Pakistan and India are often billed as archnemeses, and for good reason. If there is one thing to come out of their decades’ worth of diplomatic tensions and armed conflicts, it is their cricketing rivalry. And yet last Sunday, the two combined to produce a game low on cricketing quality but high on brotherly love, hugs, nods of approval and smize.

Thankfully, both teams’ batters combined timidity took the game down to the wire and duped the fans into thinking it was a brilliant game when it was not.

Had it not been for the final-over finish’s amnesic euphoria, more would have noticed how dull a game it was.

The obvious missing ingredients were intensity, fierce competitiveness and dark arts, which have been the hallmarks of Pakistan-India cricket encounters since time immemorial. Just imagine what Javed Miandad of the 1992 World Cup have thought had he seen Mohammad Rizwan getting a bear hug from behind by Hardik Pandya. Would Gautam Gambhir and Shahid Afridi have indulged in such borderline PDAs? Do Haris Rauf and Shahnawaz Dahani’s docile body language go with the ‘bad boy’ attitude perfected by Wasim Akram and Waqar Younis in the 90s and adopted by Shoaib Akhtar and others a bit later?

And what of Fakhar Zaman walking off by himself in an astonishing and totally unnecessary display of sportsman’s spirit that would have made Eddie Guerrero roll in his grave? Don’t even dive into historical Pak-India games for comparison. Let’s look somewhere else. Would David Warner have done the same against England? Would Virat Kohli have returned the favour had he been in a similar position in the second innings of the same game? Does one expect such generosity in any other sport? The answer would be no. In football, for instance, every foul call is contested by both sets of players no matter how obvious. That’s called playing hard and looking for whatever advantage — big or little — that’s coming your way. As players, your job is to play and let officials officiate.

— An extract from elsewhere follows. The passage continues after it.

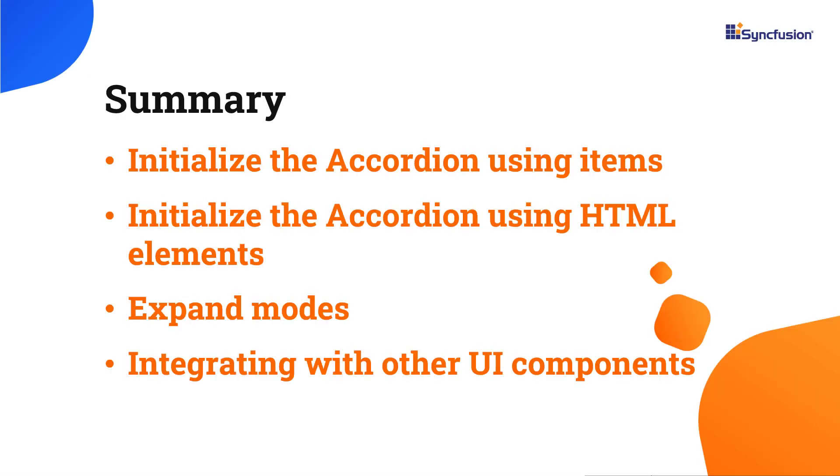In this video, I have shown you how to add the accordion component to a React application. I also showed you the expand modes, how to initialize the accordion using items and HTML elements, and how to render tree view components in the accordion.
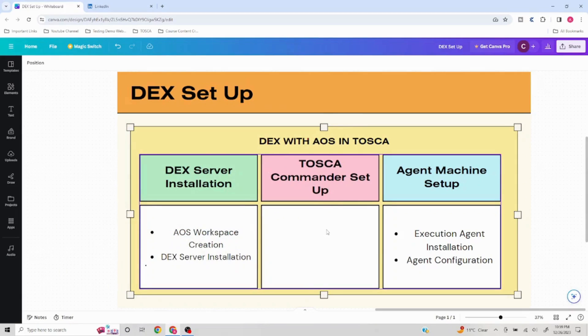Hello everyone. Welcome to the fourth video of the DEX setup series. In this video we are going to talk about the agent machine setup.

Of course, no one is asking Pak-India players to turn into on-field thugs and make a game of cricket a boxing match. Neither is anyone asking for displays of machoism. That would obviously be a gross misinterpretation of what is being said here. What is actually being asked is for them is to play this particular fixture like it has always been played and not turn the game into an event of political messaging and goodwill gestures. Let politicians and diplomats do that, and Lord only knows the two countries need better relations. But the players’ job should be to concentrate on on-field affairs only and protect the competitive sanctity of a sporting rivalry that is now as old as the political tiffs and is an entity in itself. The game has come a long way for Pak-India cricket teams to just be an extension of two perennially bickering neighbours.

It goes without saying that once the game is over, once the ritual handshakes are done with, the competitive spirits need to cool off. What happens on the field should stay there, as it is done in sports all over the world. But while the game is still in progress, why dilute the intensity? What’s with the newfound obsession of being puppy dogs when it’s the bulldog attitude that made the matches between the two teams so riveting to watch?

The two teams will have a go at each other again tonight in what’s likely to be round 2 of 3. Unlike last time, a defeat would be of greater consequence, which offers us a glimmer of hope that both the teams would fight harder and put forth a product that revives the true spirit of Pak-India rivalry.